The typical usage therefore involves connecting to a login node, making sure data are stored on the right filesystems and software are available, and then submitting jobs. The jobs are dispatched to the compute nodes by the resource manager based on the adequation between the resources resquested by the job and those offered by the compute nodes.
Warning
On a cluster, you do not run the computations on the login node. Computations belong on the compute nodes, when, and where decided by the scheduler.
Inside a compute node, the computation is carried on by the processors. A processor looks like this:
A typical compute node has one, two, or four sockets on the motherboard, that each can host a processor. The processors are made of multiple cores, that can be though of as independent computing units, each one being in turn possibly “divided” into two hardware threads.
Hardware threads are a technology designed to hide the latencies of the memory and feed the compute units fast enough to keep them busy all the time.
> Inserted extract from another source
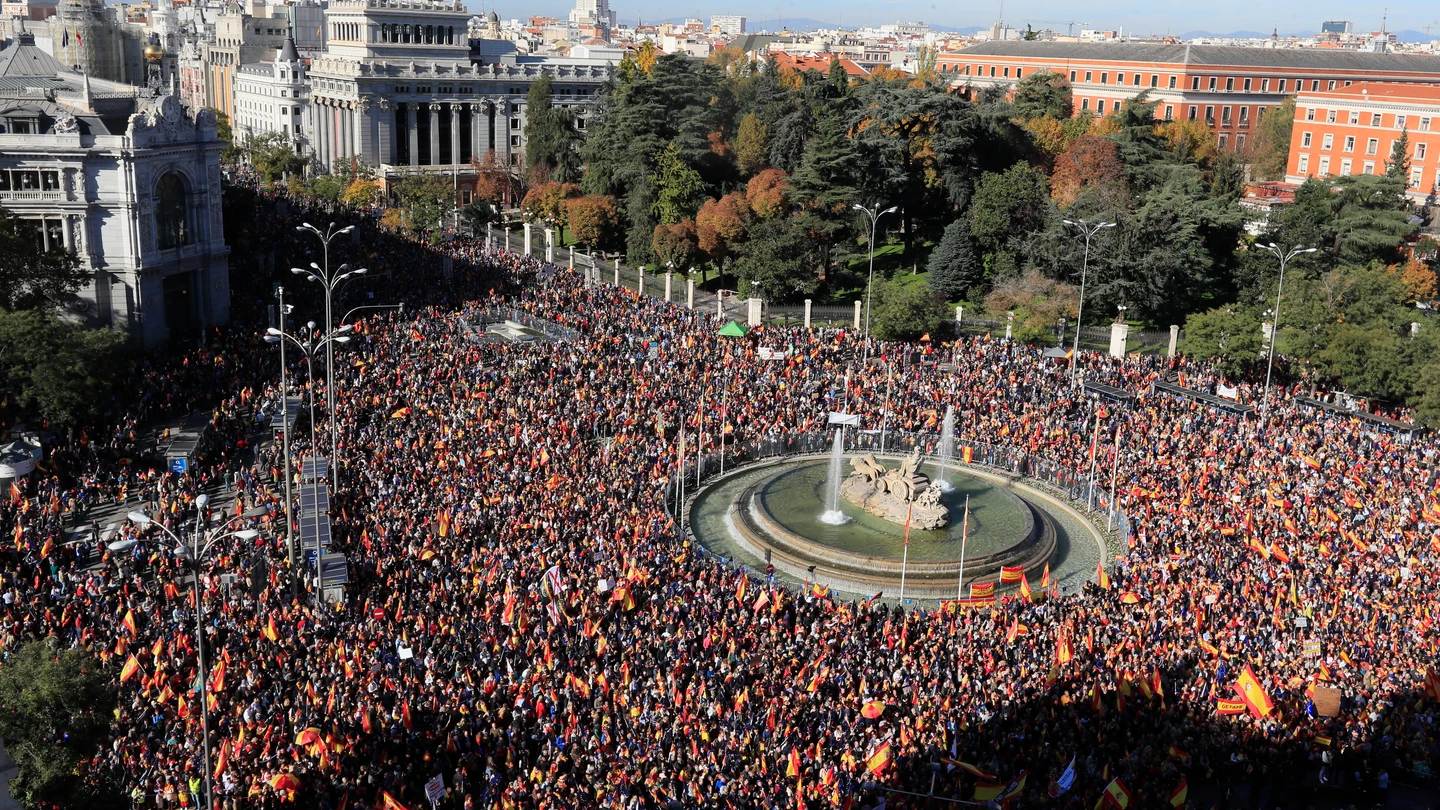 Cientos de personas abarrotan las inmediaciones de la plaza de Cibeles en contra de la amnistía Cientos de personas abarrotan las inmediaciones de la plaza de Cibeles en contra de la amnistía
It can be activated or deactivated depending on the cluster. Depending on the workload, it can benefit or slightly harm the computations times.
Compute nodes also provide volatile working memory, or RAM, where data are stored when they are being processed or produced, before they are enventually saved to permanent storage (disks).
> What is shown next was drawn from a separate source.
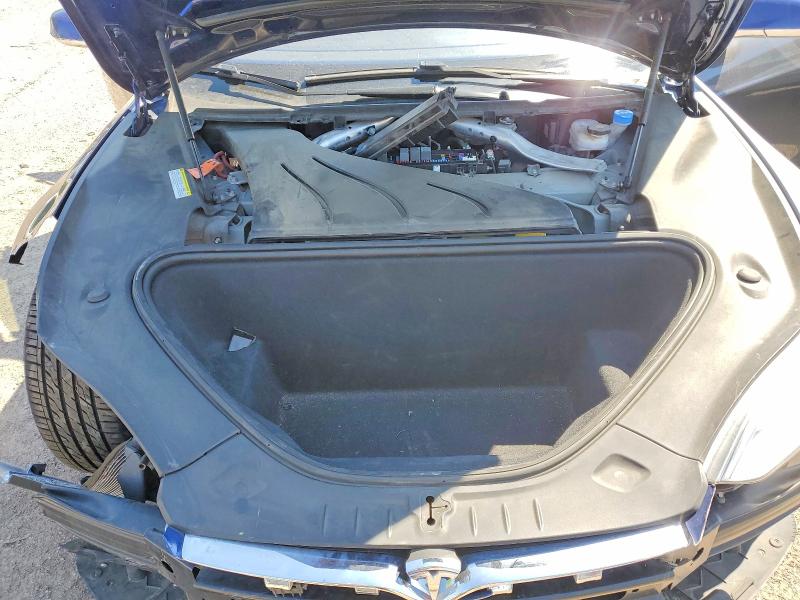 52465726 :رقم المزاد ، 5YJSA1E16GF162580 vin ، 2016 Tesla Model S مزاد بيع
Compute nodes can also offer accelerators, such as GPUs, which are pieces of hardware where heavy computations can be offloaded. GPUs are often much more powerfull than regular processors, but do not have the same flexibility and require specific programming skills.
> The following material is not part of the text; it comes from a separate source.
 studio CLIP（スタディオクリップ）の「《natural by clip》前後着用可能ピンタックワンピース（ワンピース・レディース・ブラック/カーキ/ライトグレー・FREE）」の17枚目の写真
Gathering cluster information¶
Slurm offers the sinfo command to get an overview of the resources
offered by the cluster.
By default, sinfo lists the partitions that are available. A
partition is a set of compute nodes (computers dedicated to...
computing) grouped logically based on either physical properties of the hardware
or job scheduling policies. Typical examples include partitions dedicated to
debugging where only small and short jobs can be scheduled, or partitions
dedicated to visualization with nodes equipped with specific graphic cards.
# sinfo
PARTITION AVAIL TIMELIMIT NODES STATE NODELIST
batch up infinite 2 alloc node[08-09]
batch up infinite 6 idle node[10-16]
debug* up 30:00 8 idle node[01-07]
In the above example, we see two partitions, named batch and debug.
The latter is the default partition as it is marked with an asterisk.
All nodes of the debug partition are idle, while two of the batch
partition are being used. The nodes in this example are named node01 to node16.
The sinfo command also lists the time limit (column TIMELIMIT) to which
jobs are subject. On every cluster, jobs are limited to a maximum run time, to
allow job rotation and let every user a chance to see their job being started.
Generally, the larger the cluster, the smaller the maximum allowed time.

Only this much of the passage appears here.